SAN FRANCISCO — The University of California's governing board is unanimously backing a measure that would restore affirmative action programs at its schools. The proposed ballot measure would repeal the controversial voter-approved statewide ban that's been blamed for a decline in diversity in the prestigious university system.
The vote Monday by the university system's Board of Regents means the UC endorses a proposal that would ask voters in November to repeal 1996's Proposition 209 that banned "preferential treatment" for minority groups applying to state colleges and government jobs.
UC President Janet Napolitano said in a press release that it didn't make sense to exclude any considerations of race for admissions when the university system's process is meant to evaluate applicants through "multiple dimensions."
"Proposition 209 has forced California public institutions to try to address racial inequality without factoring in race, even where allowed by federal law," Napolitano said. "The diversity of our university and higher education institutions across California, should — and must — represent the rich diversity of our state."

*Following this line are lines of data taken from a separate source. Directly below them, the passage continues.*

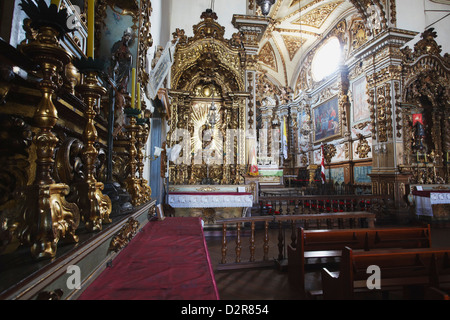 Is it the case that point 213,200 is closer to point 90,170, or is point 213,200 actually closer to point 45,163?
point 90,170

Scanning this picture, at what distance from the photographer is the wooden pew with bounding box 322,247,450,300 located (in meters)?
1.96

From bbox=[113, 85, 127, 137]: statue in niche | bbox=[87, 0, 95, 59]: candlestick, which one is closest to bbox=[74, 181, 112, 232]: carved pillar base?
bbox=[87, 0, 95, 59]: candlestick

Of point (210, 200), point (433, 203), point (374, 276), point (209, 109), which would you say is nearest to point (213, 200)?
point (210, 200)

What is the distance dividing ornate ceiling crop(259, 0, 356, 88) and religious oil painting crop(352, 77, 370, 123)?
359 centimetres

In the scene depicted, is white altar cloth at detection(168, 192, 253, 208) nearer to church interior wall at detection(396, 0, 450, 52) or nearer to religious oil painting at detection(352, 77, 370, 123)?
religious oil painting at detection(352, 77, 370, 123)

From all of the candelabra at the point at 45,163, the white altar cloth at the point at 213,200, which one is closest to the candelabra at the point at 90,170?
the candelabra at the point at 45,163

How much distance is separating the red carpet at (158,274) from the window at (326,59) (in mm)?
13092

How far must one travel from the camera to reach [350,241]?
9.87 ft

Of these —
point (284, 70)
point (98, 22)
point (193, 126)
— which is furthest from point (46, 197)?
point (284, 70)

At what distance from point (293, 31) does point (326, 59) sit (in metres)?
2.54

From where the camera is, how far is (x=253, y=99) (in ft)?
25.3

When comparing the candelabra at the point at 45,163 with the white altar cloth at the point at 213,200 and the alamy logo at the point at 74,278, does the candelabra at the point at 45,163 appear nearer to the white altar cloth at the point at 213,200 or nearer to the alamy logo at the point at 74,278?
the alamy logo at the point at 74,278

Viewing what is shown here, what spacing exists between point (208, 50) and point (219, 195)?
4701 mm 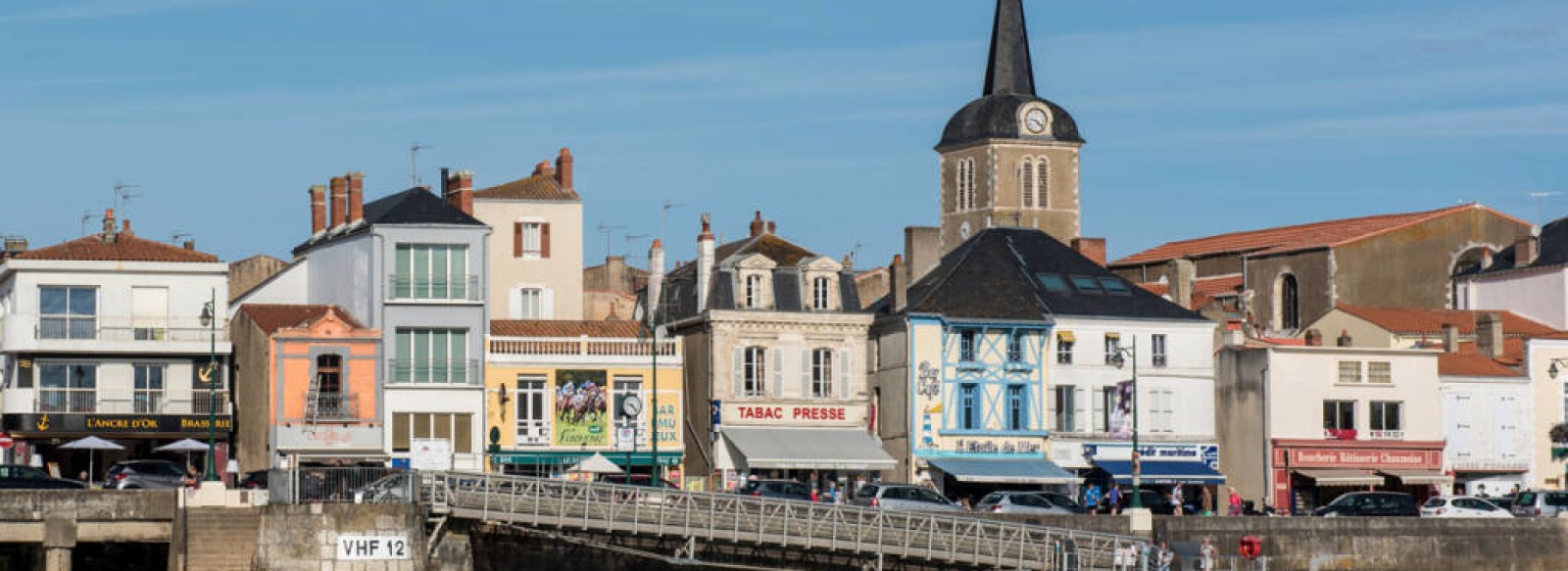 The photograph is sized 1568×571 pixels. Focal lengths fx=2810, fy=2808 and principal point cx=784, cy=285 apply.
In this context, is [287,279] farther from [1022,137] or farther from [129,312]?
[1022,137]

Board Chair John Perez said in a press release that the UC's decision to endorse the bill is apart of momentum to address centuries of racism within the country.
“As we continue to explore all the University's opportunities for action, I am proud UC endorsed giving California voters the chance to erase a stain, support opportunity and equality, and repeal Proposition 209,” Perez said.

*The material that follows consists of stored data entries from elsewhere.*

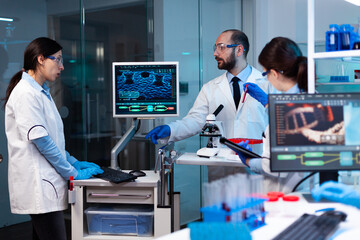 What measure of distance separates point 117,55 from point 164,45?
830 millimetres

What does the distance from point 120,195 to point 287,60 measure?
4.46 ft

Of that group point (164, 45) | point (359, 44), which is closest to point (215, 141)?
point (359, 44)

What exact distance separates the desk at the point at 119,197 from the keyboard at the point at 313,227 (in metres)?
1.31

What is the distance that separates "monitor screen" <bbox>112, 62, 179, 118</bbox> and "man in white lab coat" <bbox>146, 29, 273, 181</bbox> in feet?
1.84

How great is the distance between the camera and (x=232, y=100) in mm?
3812

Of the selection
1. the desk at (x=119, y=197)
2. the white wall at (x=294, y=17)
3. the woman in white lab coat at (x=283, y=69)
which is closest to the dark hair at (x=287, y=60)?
the woman in white lab coat at (x=283, y=69)

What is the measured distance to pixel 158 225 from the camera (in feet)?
9.54

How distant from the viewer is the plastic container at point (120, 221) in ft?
9.73

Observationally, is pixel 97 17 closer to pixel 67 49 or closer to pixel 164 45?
pixel 67 49

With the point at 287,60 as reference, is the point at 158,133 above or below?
below

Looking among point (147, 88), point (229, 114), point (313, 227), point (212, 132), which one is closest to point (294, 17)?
point (229, 114)

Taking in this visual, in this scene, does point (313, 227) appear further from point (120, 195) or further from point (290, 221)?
point (120, 195)

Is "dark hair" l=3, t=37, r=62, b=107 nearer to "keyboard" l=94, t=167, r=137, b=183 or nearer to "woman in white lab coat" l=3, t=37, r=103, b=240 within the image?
"woman in white lab coat" l=3, t=37, r=103, b=240

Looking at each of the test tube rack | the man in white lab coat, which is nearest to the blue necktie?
the man in white lab coat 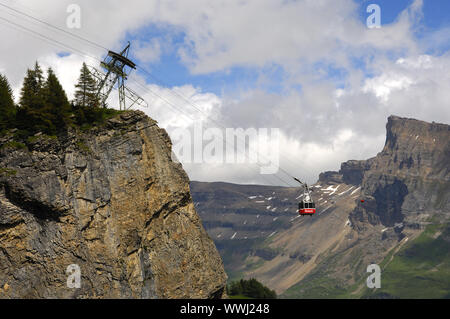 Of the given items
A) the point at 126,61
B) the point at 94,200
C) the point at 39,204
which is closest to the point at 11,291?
the point at 39,204

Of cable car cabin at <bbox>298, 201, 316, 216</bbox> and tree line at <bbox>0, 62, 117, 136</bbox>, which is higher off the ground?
tree line at <bbox>0, 62, 117, 136</bbox>

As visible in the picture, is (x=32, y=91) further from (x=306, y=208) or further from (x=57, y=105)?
(x=306, y=208)

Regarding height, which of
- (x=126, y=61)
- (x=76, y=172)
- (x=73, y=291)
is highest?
(x=126, y=61)

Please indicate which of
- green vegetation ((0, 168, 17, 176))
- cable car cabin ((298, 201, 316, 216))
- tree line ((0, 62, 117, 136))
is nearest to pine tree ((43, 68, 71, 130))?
tree line ((0, 62, 117, 136))

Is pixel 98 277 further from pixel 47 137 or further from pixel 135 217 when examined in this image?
pixel 47 137

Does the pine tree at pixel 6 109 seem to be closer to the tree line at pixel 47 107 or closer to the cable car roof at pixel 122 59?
the tree line at pixel 47 107

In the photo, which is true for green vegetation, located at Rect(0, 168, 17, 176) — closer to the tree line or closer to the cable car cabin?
the tree line

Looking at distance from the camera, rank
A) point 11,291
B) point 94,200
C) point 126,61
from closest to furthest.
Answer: point 11,291, point 94,200, point 126,61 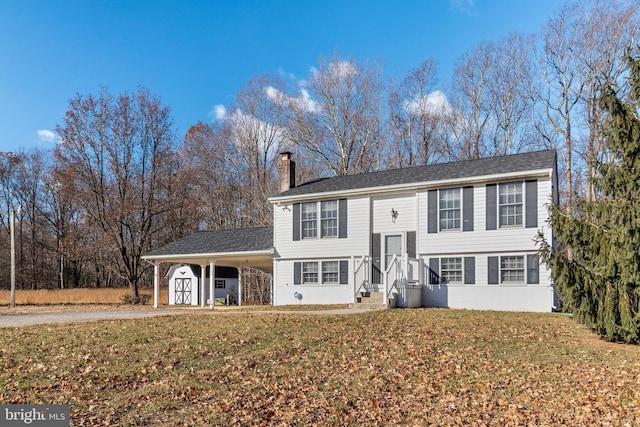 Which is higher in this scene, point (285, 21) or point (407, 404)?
point (285, 21)

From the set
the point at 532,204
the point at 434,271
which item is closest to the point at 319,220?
the point at 434,271

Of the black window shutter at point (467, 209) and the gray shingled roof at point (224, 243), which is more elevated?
the black window shutter at point (467, 209)

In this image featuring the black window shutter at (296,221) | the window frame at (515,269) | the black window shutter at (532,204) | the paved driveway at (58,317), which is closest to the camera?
the paved driveway at (58,317)

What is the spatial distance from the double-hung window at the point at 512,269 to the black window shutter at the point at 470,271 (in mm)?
942

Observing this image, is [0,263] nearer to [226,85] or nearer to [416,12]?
[226,85]

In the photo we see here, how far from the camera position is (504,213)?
17.2 m

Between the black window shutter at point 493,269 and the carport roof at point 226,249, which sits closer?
the black window shutter at point 493,269

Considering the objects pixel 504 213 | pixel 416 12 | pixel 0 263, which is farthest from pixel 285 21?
pixel 0 263

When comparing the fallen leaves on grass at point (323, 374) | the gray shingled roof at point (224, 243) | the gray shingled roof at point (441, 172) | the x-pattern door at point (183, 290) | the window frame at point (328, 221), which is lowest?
the x-pattern door at point (183, 290)

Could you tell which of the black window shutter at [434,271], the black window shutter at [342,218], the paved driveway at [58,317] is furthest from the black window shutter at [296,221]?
the paved driveway at [58,317]

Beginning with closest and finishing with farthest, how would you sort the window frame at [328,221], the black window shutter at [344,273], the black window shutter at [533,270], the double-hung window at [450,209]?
the black window shutter at [533,270] → the double-hung window at [450,209] → the black window shutter at [344,273] → the window frame at [328,221]

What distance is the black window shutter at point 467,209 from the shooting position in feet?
58.4

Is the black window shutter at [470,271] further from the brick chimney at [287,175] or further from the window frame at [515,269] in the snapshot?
the brick chimney at [287,175]

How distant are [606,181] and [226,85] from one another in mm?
30422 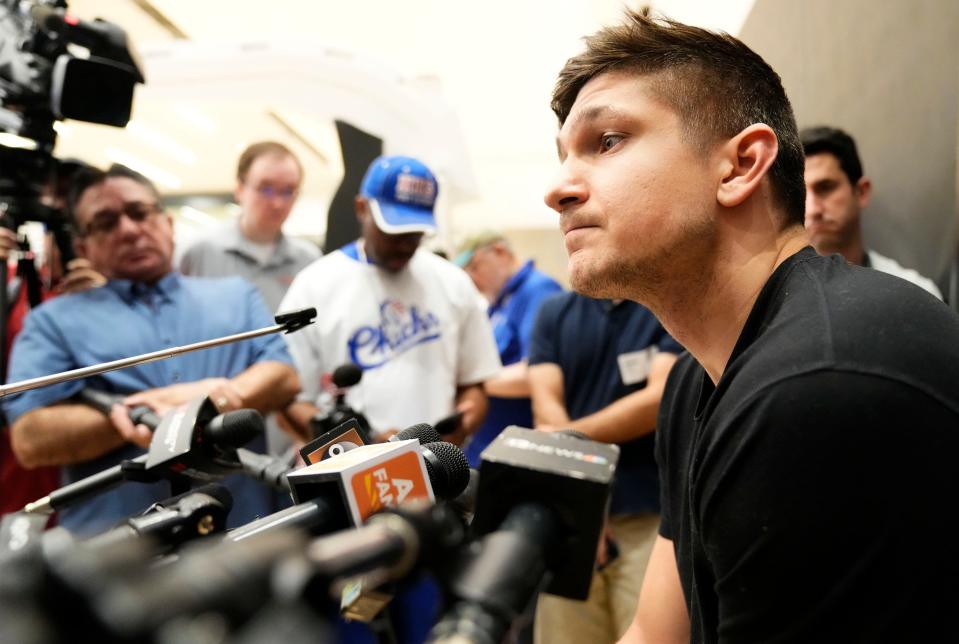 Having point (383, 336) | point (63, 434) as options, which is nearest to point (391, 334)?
point (383, 336)

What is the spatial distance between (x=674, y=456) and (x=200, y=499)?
0.81 meters

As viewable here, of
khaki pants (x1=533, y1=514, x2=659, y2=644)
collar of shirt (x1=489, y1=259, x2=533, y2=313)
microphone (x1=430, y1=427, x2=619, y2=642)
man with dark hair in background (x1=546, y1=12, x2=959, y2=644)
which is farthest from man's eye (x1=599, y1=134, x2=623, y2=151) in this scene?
collar of shirt (x1=489, y1=259, x2=533, y2=313)

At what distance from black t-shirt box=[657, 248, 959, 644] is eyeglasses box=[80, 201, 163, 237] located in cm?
163

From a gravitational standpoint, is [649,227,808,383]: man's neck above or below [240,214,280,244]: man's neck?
above

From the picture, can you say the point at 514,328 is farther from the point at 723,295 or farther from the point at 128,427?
the point at 723,295

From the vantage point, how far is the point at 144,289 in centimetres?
179

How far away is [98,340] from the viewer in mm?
1621

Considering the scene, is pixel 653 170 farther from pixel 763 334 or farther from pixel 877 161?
pixel 877 161

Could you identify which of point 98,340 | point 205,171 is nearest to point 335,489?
point 98,340

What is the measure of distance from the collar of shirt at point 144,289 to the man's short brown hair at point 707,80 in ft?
3.95

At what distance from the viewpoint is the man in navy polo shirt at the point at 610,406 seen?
1.88m

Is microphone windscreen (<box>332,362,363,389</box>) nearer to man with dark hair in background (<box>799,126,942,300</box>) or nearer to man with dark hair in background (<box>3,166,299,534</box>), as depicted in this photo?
man with dark hair in background (<box>3,166,299,534</box>)

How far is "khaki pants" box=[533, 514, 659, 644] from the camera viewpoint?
70.0 inches

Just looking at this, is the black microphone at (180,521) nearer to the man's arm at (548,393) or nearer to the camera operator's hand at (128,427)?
the camera operator's hand at (128,427)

UC's endorsement of the proposal comes less than a week after the California Assembly decided to allow voters to choose whether or not to repeal's the state's ban on affirmative action programs. It still must pass the state Senate to go on the Nov. 3 ballot.
Californians voted to end affirmative action programs in 1996. According to the Associated Press, California's ban on affirmative action was inspired partly by a 1978 U.S. Supreme Court decision that allowed universities to use race as a factor in admissions. The case began from UC, Davis School of Medicine, according to the Associated Press.